Robin Hood podría ser además un avatar de Robin Goodfellow, el duende que Shakespeare incorporó al séquito de Oberon en El sueño de una noche de verano. Robin es también el nombre inglés del petirrojo. En el folclore de Inglaterra, el petirrojo es un pájaro plebeyo y rebelde que se opone al reyezuelo (wren). Pero analizar este simbolismo nos llevaría muy lejos. Baste decir que los historiadores franceses del XIX consideraron a Robin Hood como un «brigante político», y que Thomas Paine lo tuvo por un mito nacional sajón opuesto a Guillermo el Conquistador (no a Guillermo Brown, sino al Duque de Normandía).

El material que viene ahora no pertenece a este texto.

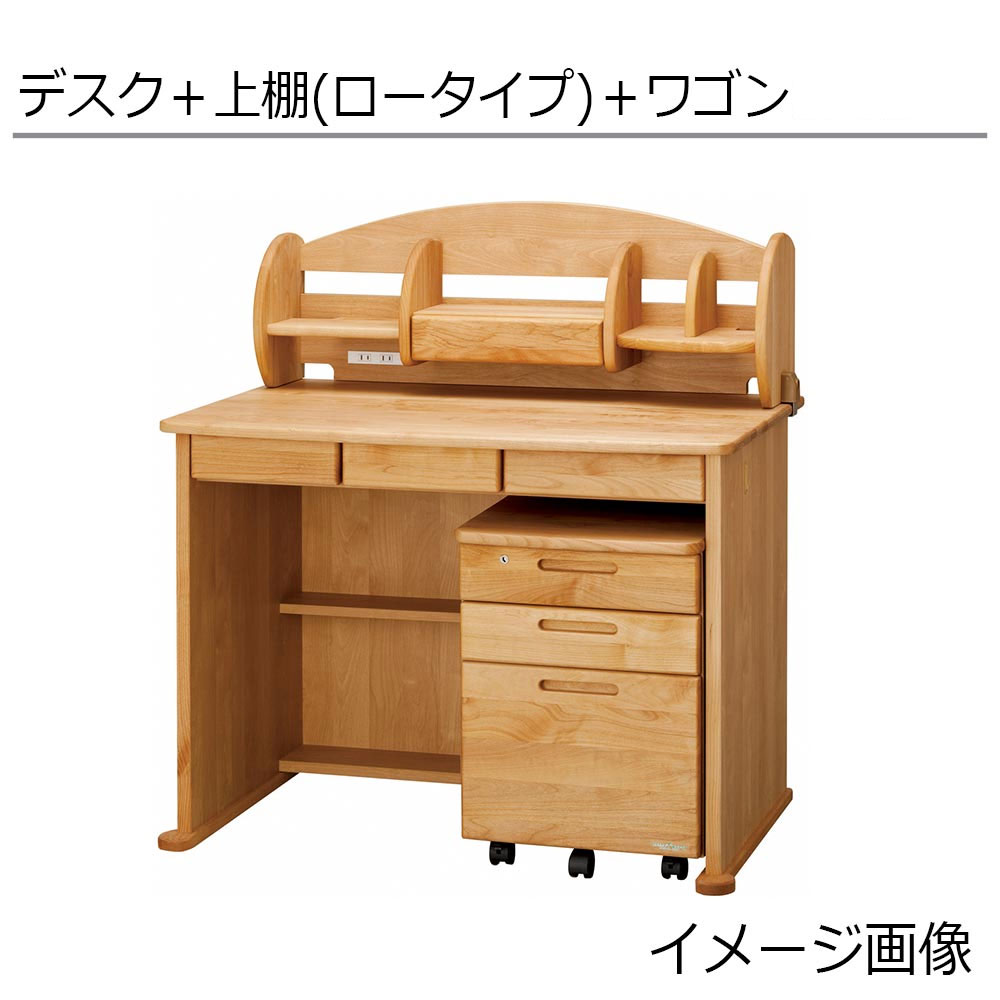 hotta woody(堀田木工所)上棚「WINDY ウィンディ 2014」ロータイプ アルダー材 NA色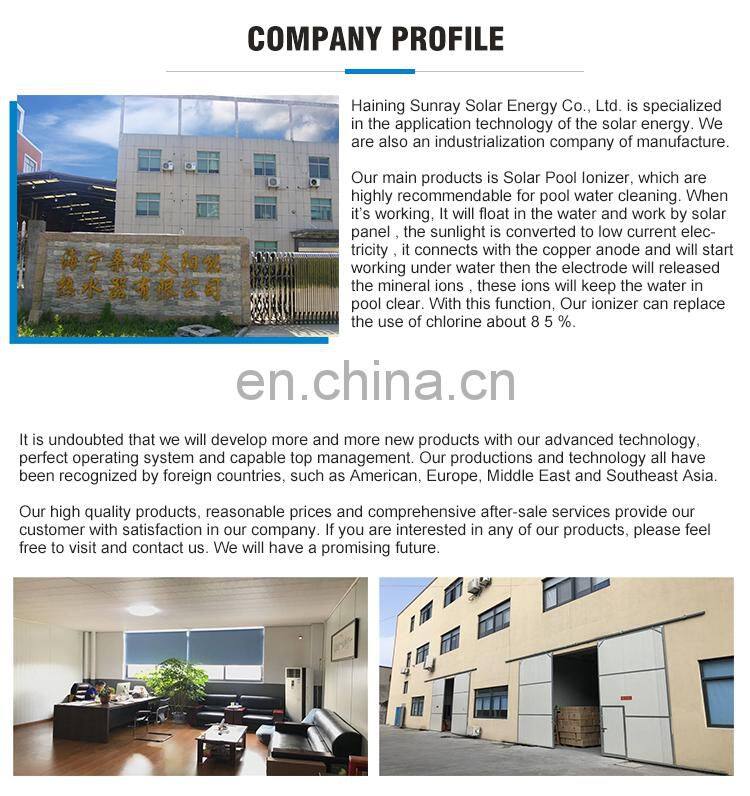 New Products Cheap Low Price High Quality Integrated Pressurized Solar Hot Water Heater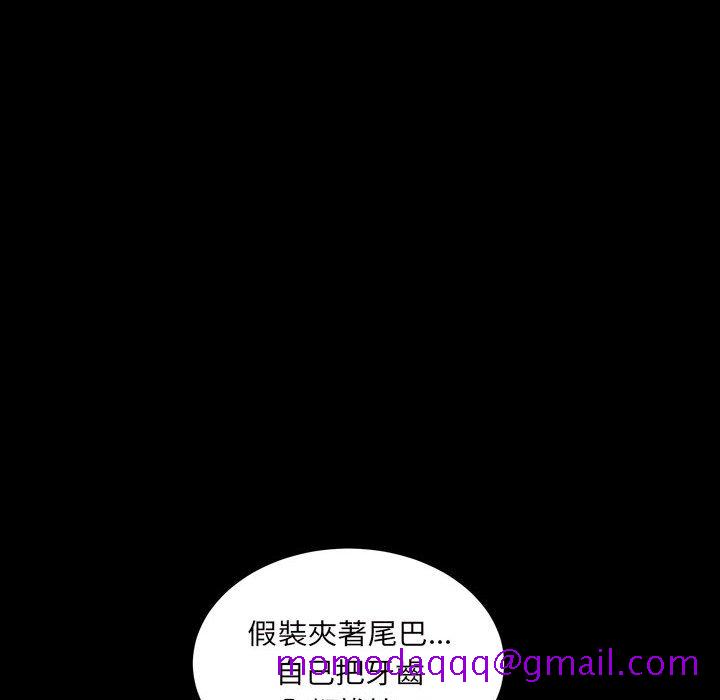 枷锁2：赤脚[h漫]韩漫全集-枷锁2：赤脚-第28章无删减无遮挡章节图片 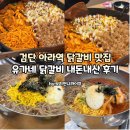 닭갈비도시 | 검단신도시 아라역 근처 닭갈비 맛집 유가네닭갈비 내돈내산 후기 (주차가능)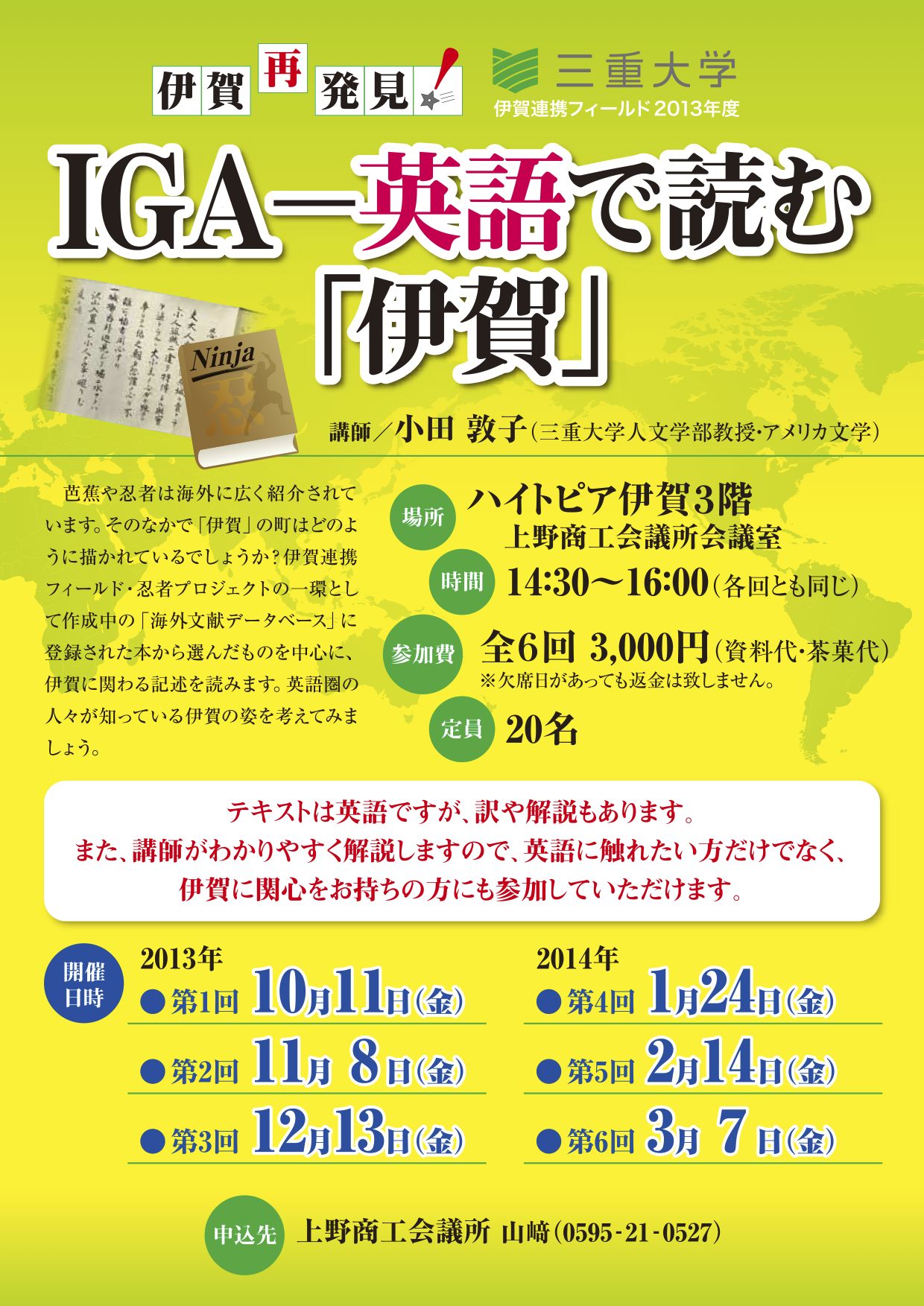 english iga.jpg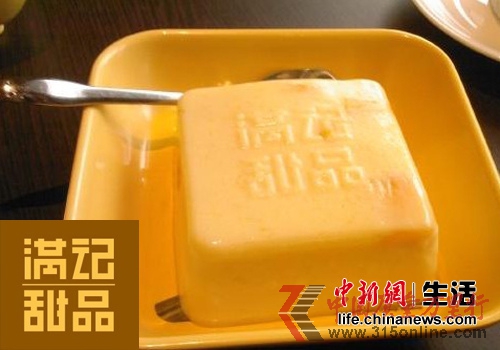 滿記甜品的芒果布丁抽查出大腸菌群和菌落總數(shù)不合格。 滿記甜品的芒果布丁抽查出大腸菌群和菌落總數(shù)不合格。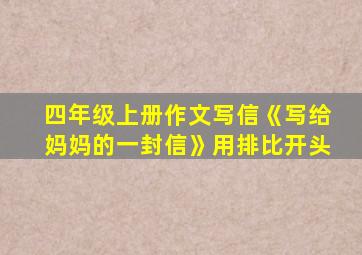 四年级上册作文写信《写给妈妈的一封信》用排比开头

Poseo una breve pero selecta colección de libros sobre Robin Hood, que contiene una versión para jóvenes de la historia del proscrito contada por Rose Yeatman Woolf, con ilustraciones de Howard Davie. Me la regaló Luis Alberto de Cuenca, a fines del siglo pasado. Yo le había prometido a Luis Alberto mi propia versión de la historia del Bosque Verde, pero no llegué a escribirla. También la esperó en vano Mario Onaindía, que siendo niño había jugado mucho, en los montes de Eibar, a ser un Robin Hood algo gordito. Su modelo, sin embargo, fue el gimnástico Robin de la película de Michael Curtiz, o sea, Errol Flynn. El mismo que seguía José Luis Garci cuando jugaba a hacer del Retiro el Sherwood particular de su infancia, según cuenta en Robín de los Bosques, maravilla autobiográfica minimalista que acaba de publicar El Reino de Cordelia, la pequeña gran editorial de Jesús Egido. Ese Robin, que encandilaba a Mariana (Olivia de Havilland) con su bigote aznariano, funcionó como paradigma ético fundamental para mi generación cuando la otra gran película de Curtiz, desmintiendo al Nodo, no estaba al alcance de los españoles.